EXERCISE AIM:
Return an exact copy of the lines from the one holding "Food in a table." to the end of the data, including both the starting and final lines. Leave the pictures out.
+++ RECORD EXTRACTS
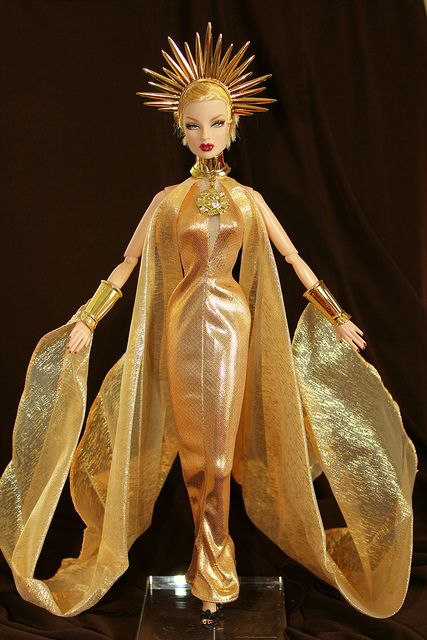 Morning  Sun  Princess  In  Full  Regalia  Eugenia  Perrin  Frost  is  wearing  a  fantasy gown  from  the  Morning  Sun  Princess  2000  barbie.  Its  part  of the  Celestial  Goddess  Collection  and  Mystical  Princess  of  the Sky. Sun Goddess Costume, Sun And Moon Costume, Sun Princess, Barbie Design, Moon Costume, Gold Costume, Goddess Costume, Golden Goddess, Fantasy Gowns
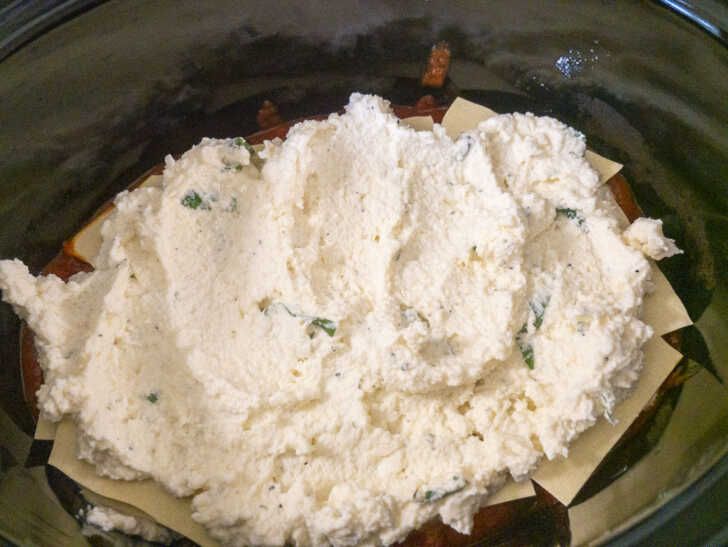 a bowl filled with food sitting on top of a table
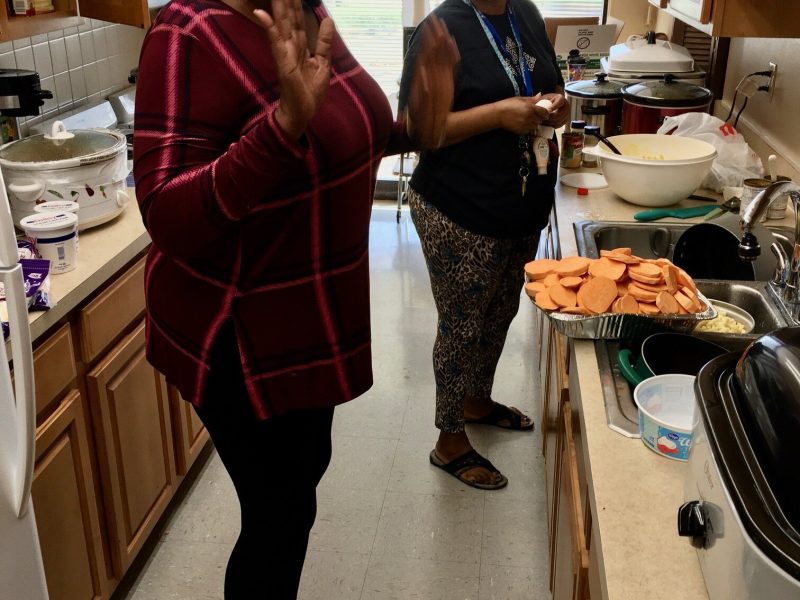 Tenant leaders at Tall Oaks Apartments give back to their fellow residents with home-cooked meals.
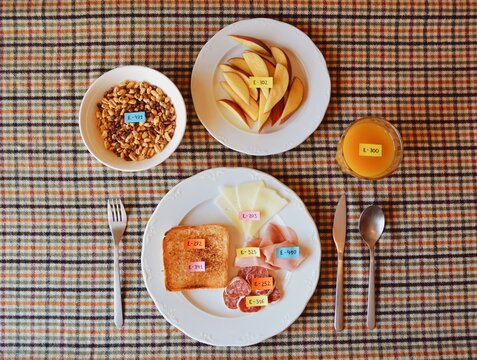 Food in a table. Additives in a common breakfast. Representation of food labeling with conservants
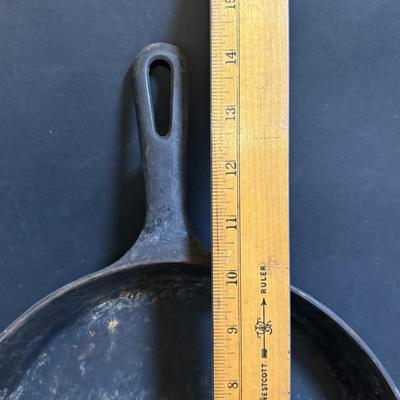LOT 88: Griswold Cast Iron Pan, Cast Iron Corn & Gingerbread Man Baking Molds, Small Cast Iron Fry Pan & Tin Muffin Pan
++++++
SOLVED EXERCISE:
 Food in a table. Additives in a common breakfast. Representation of food labeling with conservants
LOT 88: Griswold Cast Iron Pan, Cast Iron Corn & Gingerbread Man Baking Molds, Small Cast Iron Fry Pan & Tin Muffin Pan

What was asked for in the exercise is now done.